Parallelogram Identity Proof (Using Stars and Bars Technique)

The parallelogram identity in Pascal's triangle states that, given an entry \({n \choose k}\) in Pascal's triangle, \({n \choose k}-1 = \) the sum of the entries included in the rectangle that is straight above entry \({n \choose k}\) and also includes the apex of Pascal's triangle. This equality can be expressed as a double sum as follows, $${n+1 \choose k+1}-1=\sum_{i=0}^{k}\sum_{j=1}^{n-k}{n-i-j \choose k-i}$$. 

We can prove this by using the stars and bars technique that we are familiar with. For easier explanation, let's first rewrite the double sum expression above in another form (but mathematically equivalent). Set \(r = n-k\), we have  $${r+k+1 \choose k+1}-1=\sum_{i=0}^{k}\sum_{j=1}^{r}{(k-i)+(r-j) \choose k-i}$$. 

Let's assume we have \((k+1)\) stars and \(r\) bars. As we have already known, \({r+k+1 \choose k+1}\) counts the number of different star-bar sequences. This implies that maybe we can try to interpret the RHS as another way to count almost the same thing (only differ by 1) in order to prove both sides are equal. 

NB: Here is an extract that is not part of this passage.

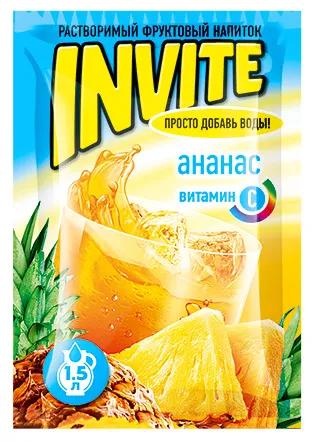 Растворимый напиток Invite Ананас 9 гр., саше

Usually a sum expression in a combinatoric argument suggests that the ways of n choose k can be divided into multiple disjoint categories. We then try to get the counting result from each category and add them up to get the total number of ways of n choose k. Following this logic, a double sum may suggest that we can further divide each category into multiple subcategories. After we get the counting result from each subcategory, we add them up to get the result for each category. Then we add up all the results from each category to get the total number. 

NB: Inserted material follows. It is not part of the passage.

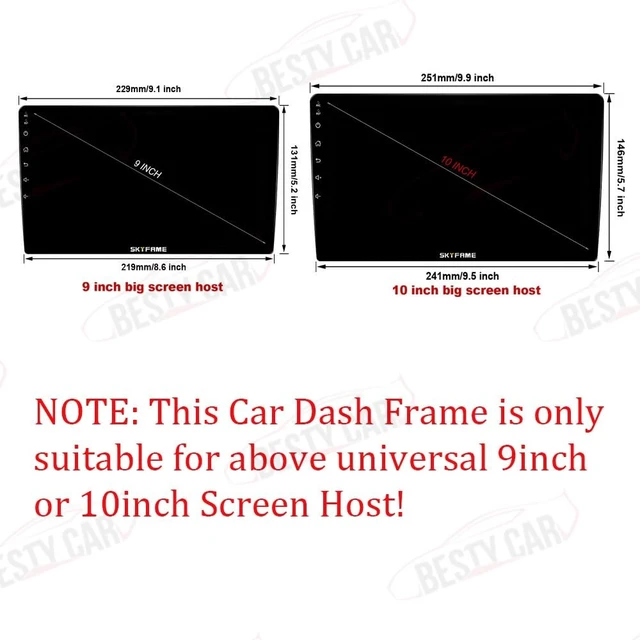 Alt view image 4 of 4 - Fits for Honda CRV CR-V 2012-2017 Car Radio Stereo Fascia Panel Frame 9inch Dash Installation Mounting Kit Big Screen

In our case, we start by thinking of any arbitrary star-bar sequence as a sequence composed of four parts: some stars (at least zero stars)+some bars (at least one bar)+a star+ a sequence of mixed bars and stars. Our categorization is based on the first two parts. We first distribute \(i\) stars to the first part, and then distribute \(j\) bars to the second part. We cannot do anything about the third part. Finally when we get to the fourth part. We are left with \((r-j)\) bars and \((k-i)\) stars (remember the third part also takes 1 star so in total \((k+1)-i-1=k-i\). So the number of different star-bar sequences in the fourth part would be \((k-i)+(r-j) \choose k-i\). We then sum up \((k-i)+(r-j) \choose k-i\) for all possible combinations of \(i\) and \(j\) to get the total. 

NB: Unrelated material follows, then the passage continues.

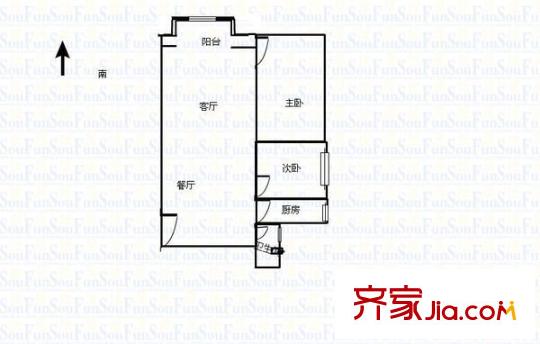 大新巷小區(qū) 2室 戶型圖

There is only one problem for the argument above which will explain where there is a "-1" in the equation we are trying to prove. You may have noticed that on the RHS, the upper bound on \(i\) is \(k\) instead of \(k+1\). This is because we always want one star for the third part. But actually we can have no stars at all after the second part (such as *****||||)and this is the case that we haven't included. Therefore, the number of different star-bar sequences using the RHS logic can be expressed as: $${r+k+1 \choose k+1}=\sum_{i=0}^{k}\sum_{j=1}^{r}{(k-i)+(r-j) \choose k-i} +1$$. Therefore  $${r+k+1 \choose k+1}-1=\sum_{i=0}^{k}\sum_{j=1}^{r}{(k-i)+(r-j) \choose k-i}$$.